- Description of the task: Give every line of the data again, unchanged, but with no pictures.

- Collected material:
◇ ◇ ◇ ◇ ◇ ◇ ◇

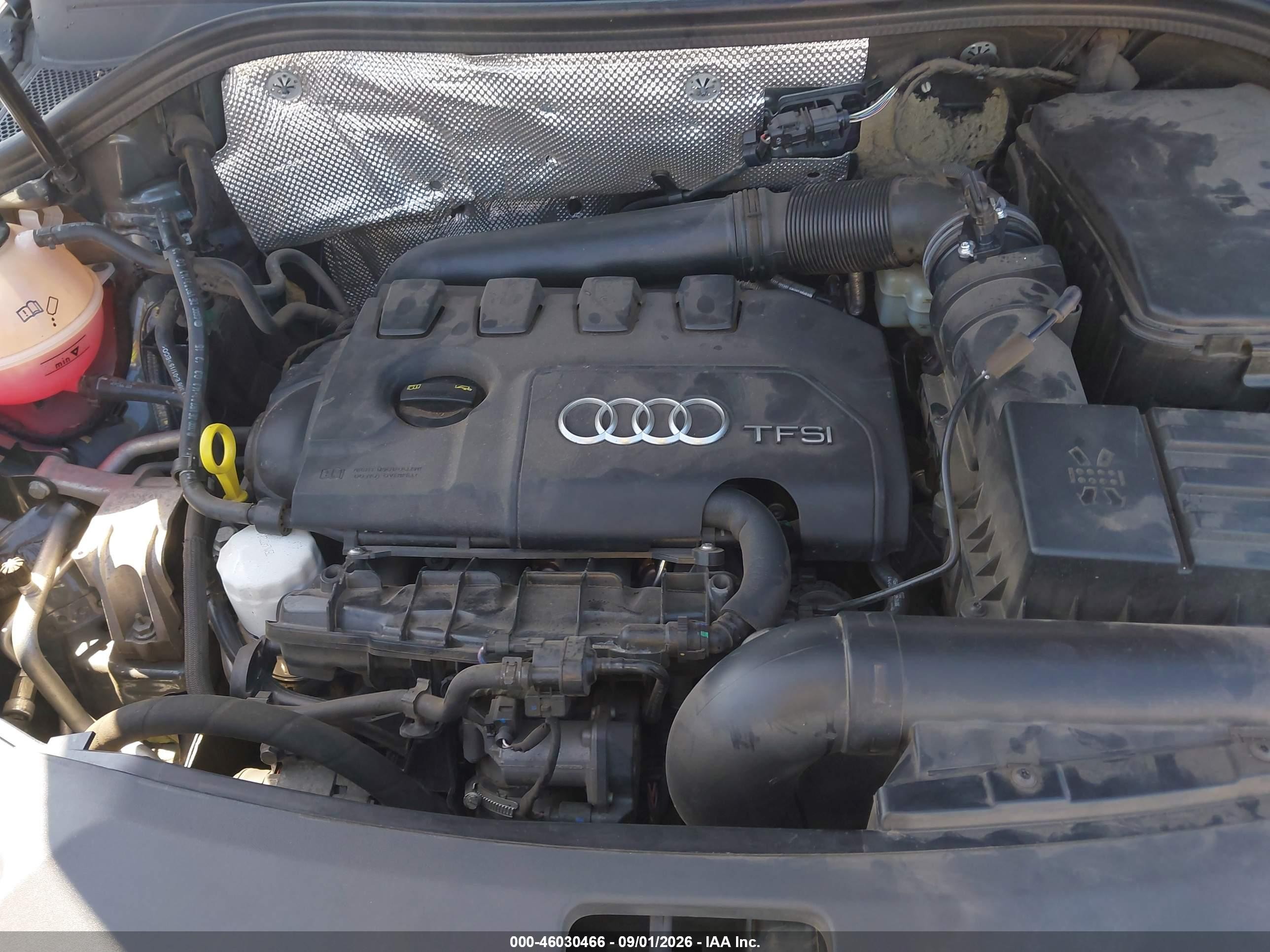 2015 Audi Q3 2.0t Premium Plus Gray vin: WA1BFCFS6FR013352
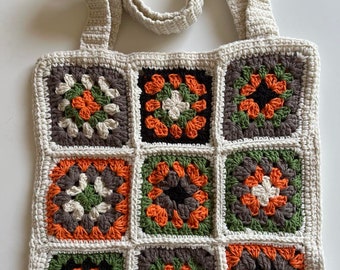 sac tote bag au crochet granny square, sac carré de grand mère coton, sac de plage, sac fourre tout au crochet fait main, sac a bandoulière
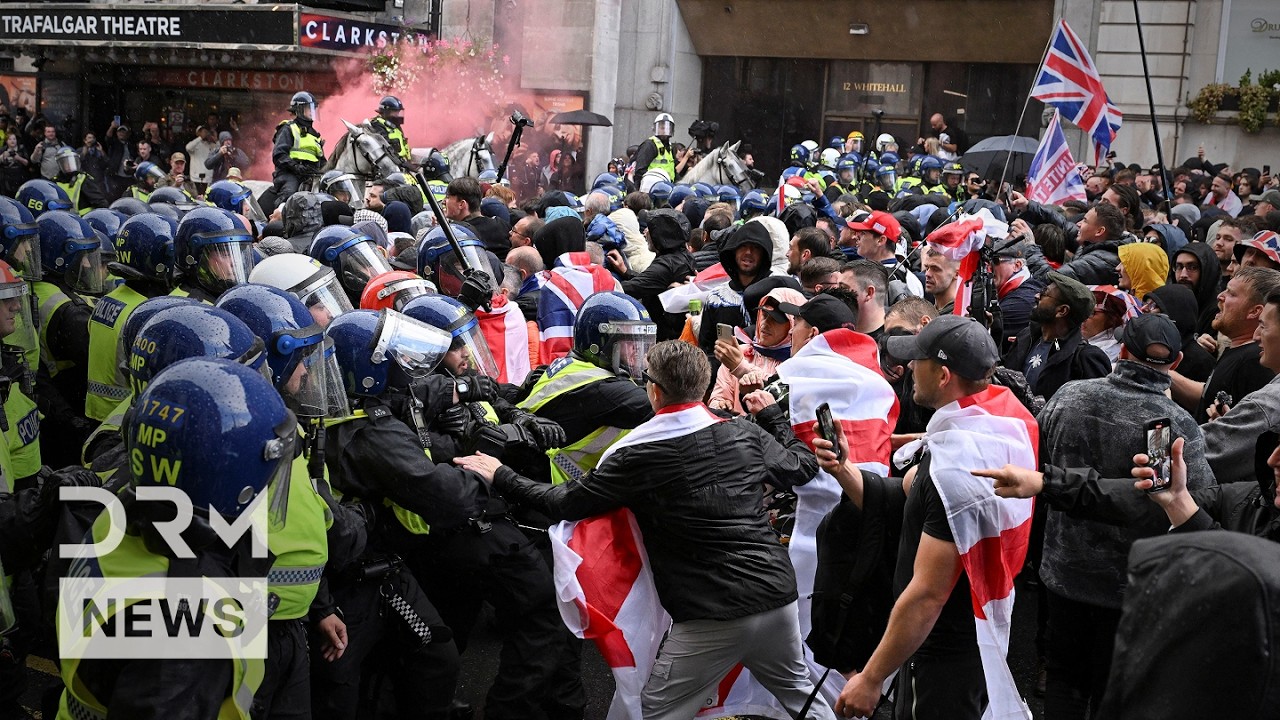 JUST IN: Police Clash With Anti-Immigration Protesters at Tommy Robinson London Rally | AM1G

◇ ◇ ◇ ◇ ◇ ◇ ◇

- Output for this task:
 2015 Audi Q3 2.0t Premium Plus Gray vin: WA1BFCFS6FR013352
 sac tote bag au crochet granny square, sac carré de grand mère coton, sac de plage, sac fourre tout au crochet fait main, sac a bandoulière
 JUST IN: Police Clash With Anti-Immigration Protesters at Tommy Robinson London Rally | AM1G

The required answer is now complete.